In seaborn terms, I want to create barplots with seaborn.catplot based on categorical x and accustoming order as well as hue and col arguments while being able to add my own custom standard deviations.
The following code gives the means of the barplots pretty straightforward:
import seaborn as sns
import matplotlib.pyplot as plt
tips = sns.load_dataset("tips")
tip_sumstats = (tips.groupby(["day", "sex", "smoker"])
.total_bill
.agg(["mean", 'sem'])
.reset_index())
sns.catplot(
data=tip_sumstats,
x="day",
order=["Sun", "Thur", "Fri", "Sat"],
y="mean",
hue="smoker",
col="sex",
kind="bar",
height=4,
)
This answer solves the problem when hue and order are not involved. However, in the above case, using
def errplot(x, y, yerr, **kwargs):
ax = plt.gca()
data = kwargs.pop("data")
data.plot(x=x, y=y, yerr=yerr, kind="bar", ax=ax, **kwargs)
g = sns.FacetGrid(tip_sumstats, col="sex", hue="smoker", height=4)
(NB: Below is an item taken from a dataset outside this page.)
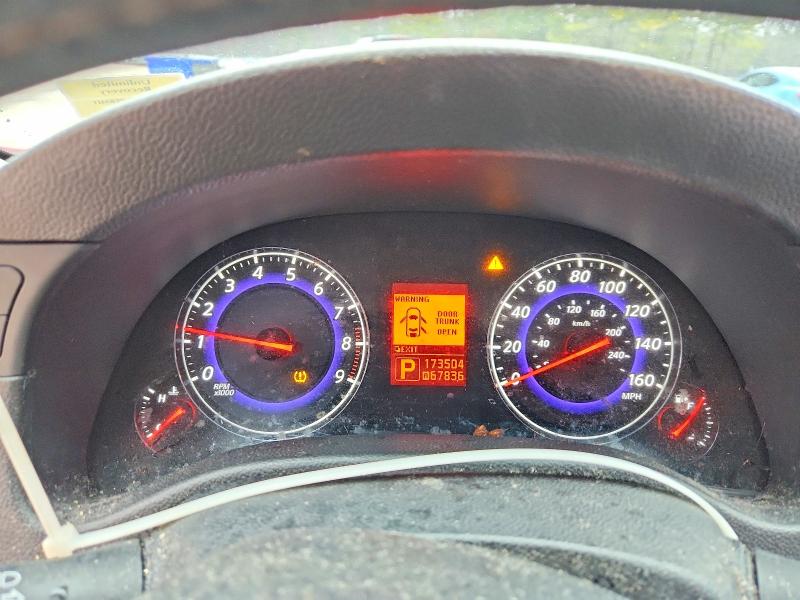 Aukcja sprzedaży 2008 Infiniti G35, vin: JNKBV61E18M219656, numer aukcji: 78610245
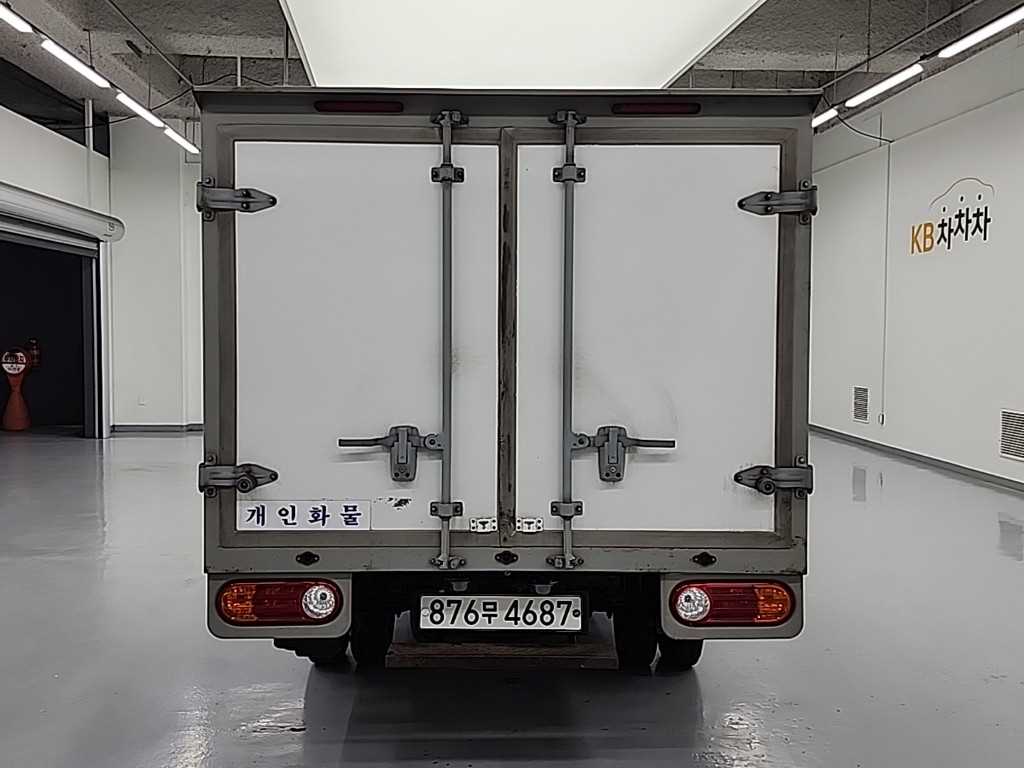 Small Truck Freezer Box(Low Deck) - Vista 3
g.map_dataframe(errplot, "day", "mean", "sem")
I do not understand how to modify this version such that it respects the categorical order on the x-axis defined by some order argument. Furthermore, I do not understand how to add a dodge=True to it such that the differently colored bars appear next to each other.
This question tries to solve something similar. However, the approach is very technical and not straightforward at all. To me, it seems weird that no straightforward solution exists.